Kelly Dinham i jej mąż od lat żyją w rytmie… łapek, ogonków i mruczenia. Jako opiekunowie 11 kotów, 4 psów i 4 owiec, z których każde zostało uratowane, poświęcają swój czas i energię, by ich futrzana rodzina mogła żyć bezpiecznie i szczęśliwie.
A teraz zrobili coś, co zachwyciło internautów na całym świecie.
Od „kociego patio” do prawdziwego raju
Para z Australii już wcześniej stworzyła przy domu zamknięty wybieg, tzw. catio, aby ich koty mogły cieszyć się świeżym powietrzem, nie narażając się na niebezpieczeństwa. Jednak szybko okazało się, że mruczki, choć zadowolone, nie miały tam zbyt wiele miejsca do biegania.

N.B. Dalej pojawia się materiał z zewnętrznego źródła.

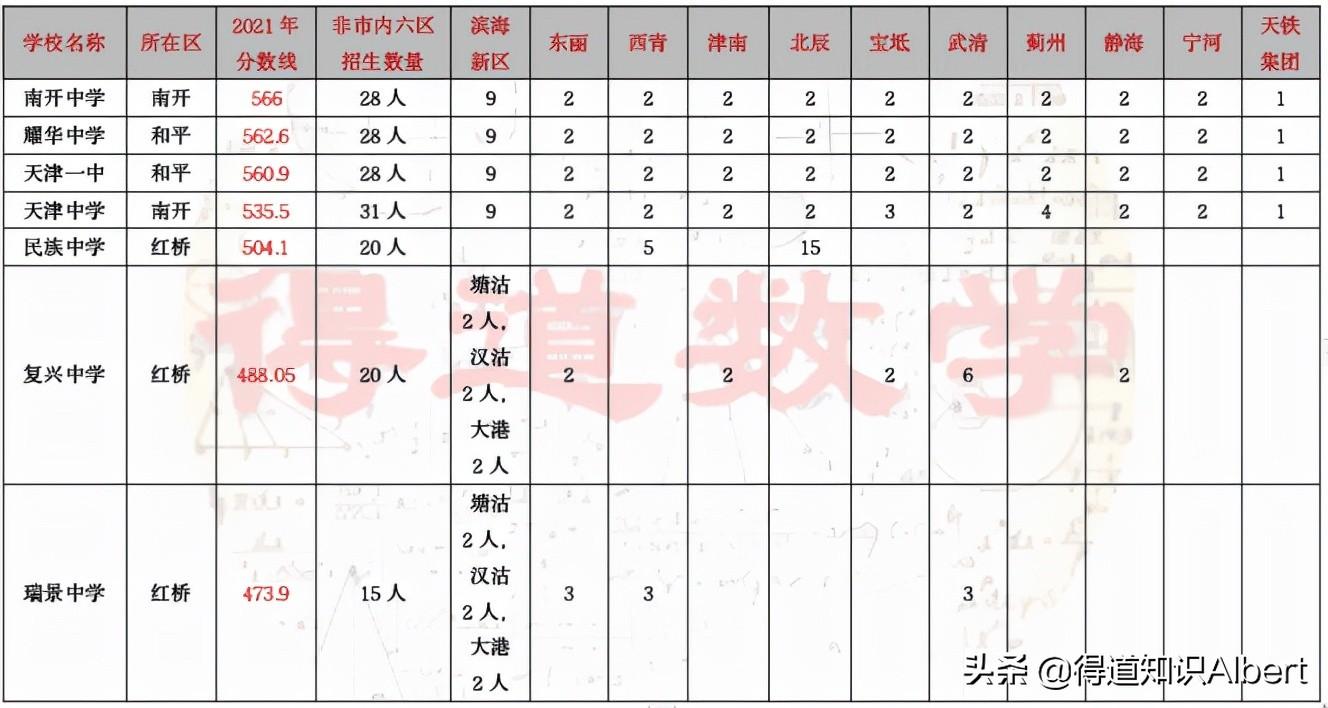 长沙耀华中学录取标准6 关于天津中考，涉及报名录取、难度模式、转学政策等十大问题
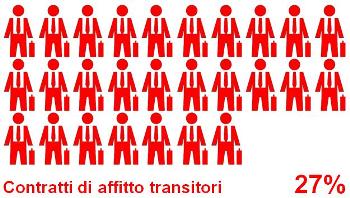 2013-02 Affitti transitori per lavoratori precari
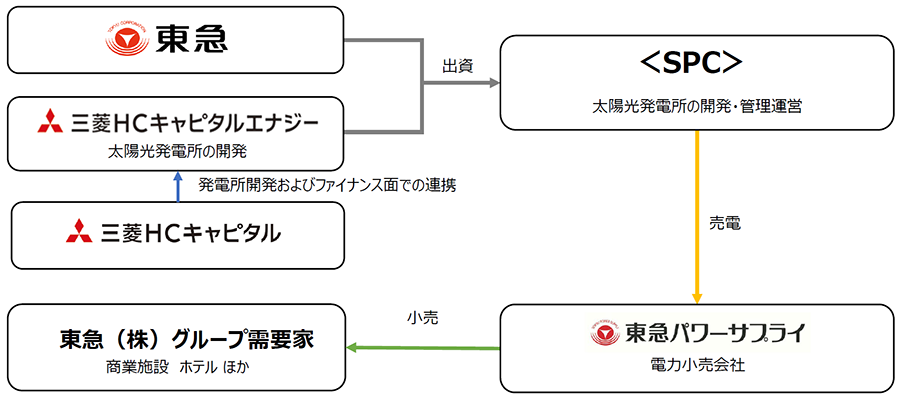 オフサイトPPA スキーム図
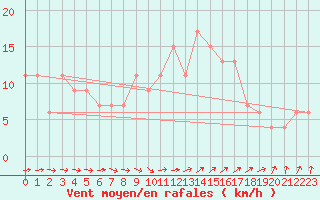 Courbe de la force du vent pour Herstmonceux (UK)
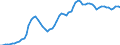 Nominal index / Index, 2010=100 / Goods and services currently consumed in agriculture (Input 1) / Denmark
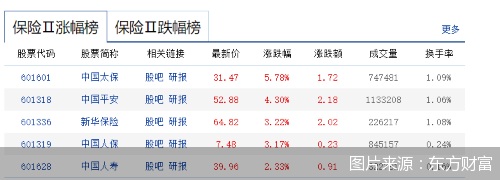 图片来源：东方财富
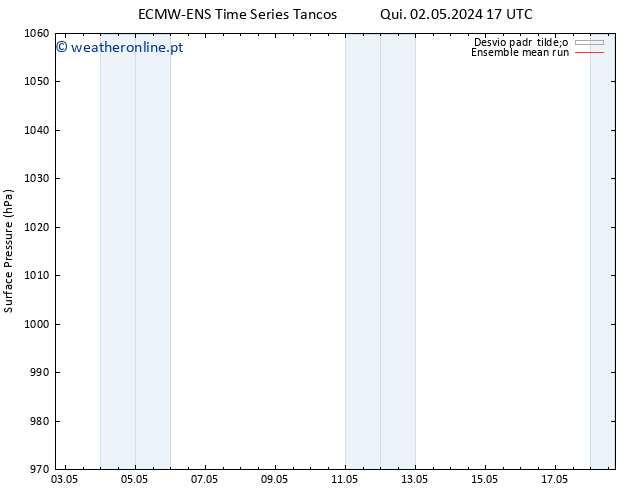 pressão do solo ECMWFTS Dom 05.05.2024 17 UTC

Dlatego Kelly i jej mąż postanowili pójść o krok dalej. A właściwie… o wiele kroków.
Nowy ogród, nowy świat
25 marca 2024 roku na TikToku pokazali efekt swojej pracy: ogromną, całkowicie zabezpieczoną przestrzeń na zewnątrz, stworzoną specjalnie dla kotów.
I trzeba przyznać, że dopracowali wszystko w najmniejszym detalu:
drewniane kładki,
tunele do biegania,
naturalne podłoże,
rośliny,
liczne kryjówki,
pełne ogrodzenie chroniące nawet przed… wężami.
To miejsce wygląda jak koci park rozrywki. Nic dziwnego, że w komentarzach pod filmem pojawiło się ponad 500 pełnych zachwytu opinii. Internauci gratulowali parze zaangażowania i ogromu pracy włożonej w zbudowanie takiej przestrzeni.
Tylko jedna rzecz zaskoczyła opiekunów
Mimo że ogród jest spełnieniem marzeń każdego kota, Kelly zdradziła w odpowiedzi na pytania widzów jedną zabawną prawdę:
„I tak wolą siedzieć w domu”.
Bo takie właśnie są koty – niezależne, uparte, pełne wdzięku i… absolutnie nieprzewidywalne.
I chyba właśnie za to kochamy je najbardziej.